The Polish and Hungarian minorities, not the question of Slovakia which the Tribunal heard this morning. That is why Mr. Alderman submitted—and I respectfully joined him in his submission—that the action of the 15th of March was a flagrant violation of the letter and spirit of that agreement.
That, My Lord, is the part of the case which I desired to present.
THE PRESIDENT: We will adjourn now for 10 minutes.
SIR DAVID MAXWELL-FYFE: If your Lordship pleases. Thank you.
[A recess was taken.]
LIEUTENANT COLONEL J. M. G. GRIFFITH-JONES (Junior Counsel for the United Kingdom): May it please the Tribunal, Count Two of the Indictment charges these defendants with participating in the planning, the preparation, the initiation, and waging of various wars of aggression, and it charges that those wars are also in breach of international treaty. It is our purpose now to present to the Tribunal the evidence in respect of those aggressive wars against Poland and against the United Kingdom and France.

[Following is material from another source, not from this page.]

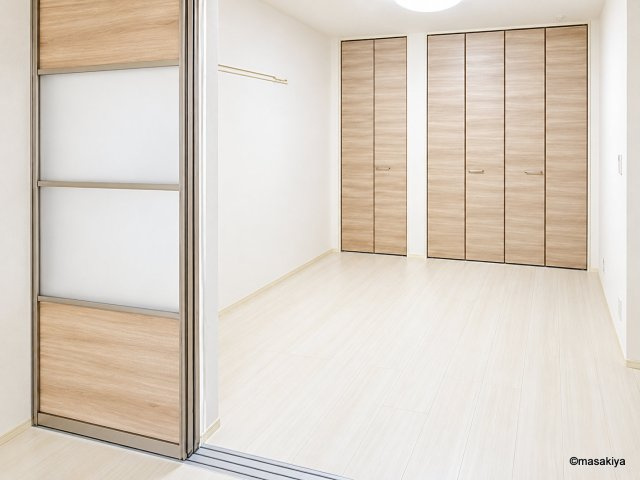 シャンピニオン　ブロンの洋室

Under Paragraph (B) of the particulars to Count Two, reference is made to Count One in the Indictment for the allegations charging that those wars were wars of aggression, and Count One also sets out the particulars of the preparations and planning for those wars, and in particular those allegations will be found in Paragraph (F) 4. But, My Lord, with the Tribunal’s approval I would propose first to deal with the allegations of breach of treaties which are mentioned in Paragraph (C) of the particulars, and of which the details are set out in Appendix C. My Lord, those sections of Appendix C which relate to the war against Poland are Section 2, which charges a violation of the Hague Convention in respect of the pacific settlement of international disputes, on which Sir David has already addressed the Court, and I do not propose, with the Court’s approval, to say more than that.

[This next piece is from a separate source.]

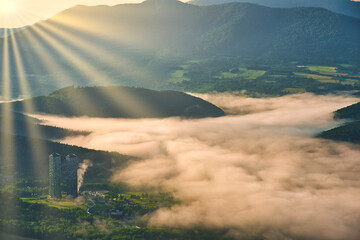 北海道の美しい朝の雲海風景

Section 3 of Appendix C and Section 4 charge breaches of the other Hague Conventions of 1907. Section 5, Sub-section 4, charges a breach of the Versailles Treaty in respect of the Free City of Danzig, and Section 13, a breach of the Kellogg-Briand Pact.
All those have already been dealt with by Sir David Maxwell-Fyfe, and it remains, therefore, only for me to deal with two other sections of Appendix C: Section 10, which charges a breach of the Arbitration Treaty between Germany and Poland, signed at Locarno on the 16th of October 1925; and Section 15 of Appendix C which charges a violation of the Declaration of Non-Aggression which was entered into between Germany and Poland on the 26th of January 1934.
If the Tribunal would take Part I of the British Document Book Number 2, I will describe in a moment how the remaining parts are divided. The document book is divided into six parts. If the Tribunal will look at Part I for the moment—the document books which have been handed to the Counsel for the Defense are in exactly the same order, except that they are bound in one and not in six separate covers, in which the Tribunal’s documents are bound for convenience.